Bob Kohut writes on the Bull that the debt burden of listed miners will serve as the key factor in determining whether they are able to withstand the market’s current round of adverse conditions.
Mining players, as competitors in a capital-intensive industry, frequently avail themselves of debt or equity issuance to finance expansion.

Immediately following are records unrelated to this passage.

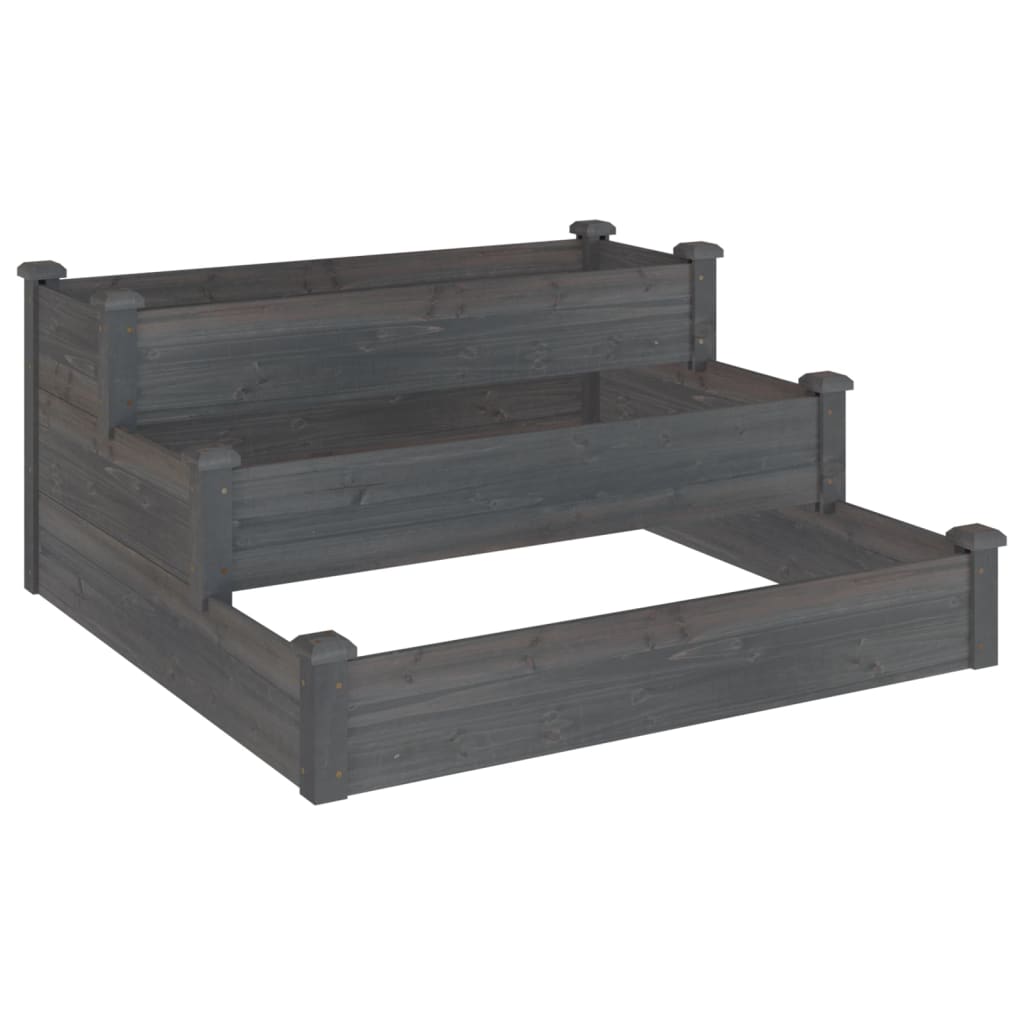 vidaXL Jardinera arriate madera maciza de abeto 120x120x56 cm Color Natural,  Marrón,  Gris y mas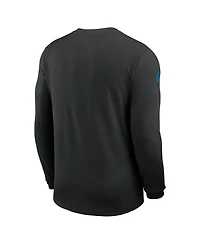 Nike Men's Black Carolina Panthers Sideline Coach Uv Performance Long Sleeve T-Shirt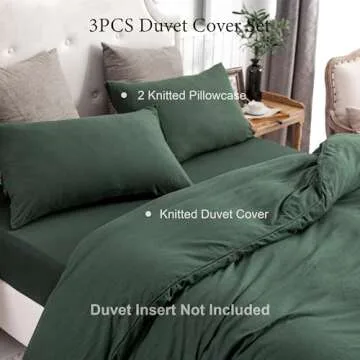 PURE ERA Jersey Knit Duvet Cover Set 100% T-Shirt Cotton Super Soft Comfy 3pc Bedding Set with Zipper Closure (Solid Forest Green, Queen, 90"X90")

Over-optimistic players can be left stranded, however, if too much debt is used for CAPEX spending just as a boom transitions into a slump.
Kohut cites as a salient example the recent travails of Fortescue Mining Group (ASX:FMG), which with an exorbitant gearing ratio of 226% – the highest of any Australian miner – has suffered worst at the hands of the current commodities decline.
Fortescue chairman Andrew “Twiggy” Forrest found himself compelled to ramp up his stake in the company to forestall precipitous share declines, before Fortescue opted to call for a suspension from trading due to its onerous debt woes.
Rio Tinto (ASX:RIO) provides a striking contrast, rising a steady 6% over the past month compared Fortescue’s fall of nearly 10%. Rio’s gearing ratio of 32.3% is significantly lower than those of both Fortescue’s and BHP Billiton’s (ASX:BHP) (42.2%).
Although Rio is more diversified than pure iron ore player Fortescue, Kohut asserts that over 90% of Rio’s underlying earnings are derived from iron ore operations, indicating that supporters of Rio shares remain undeterred by spot price declines.
Australian miners with negligible debt levels to look out for include Atlas Iron (ASX:AGO) with a gearing level of 1.1%, and Aquila Resources (ASX:AQA) and Gindalbei Metals (GBG), both of whom have zero gearing.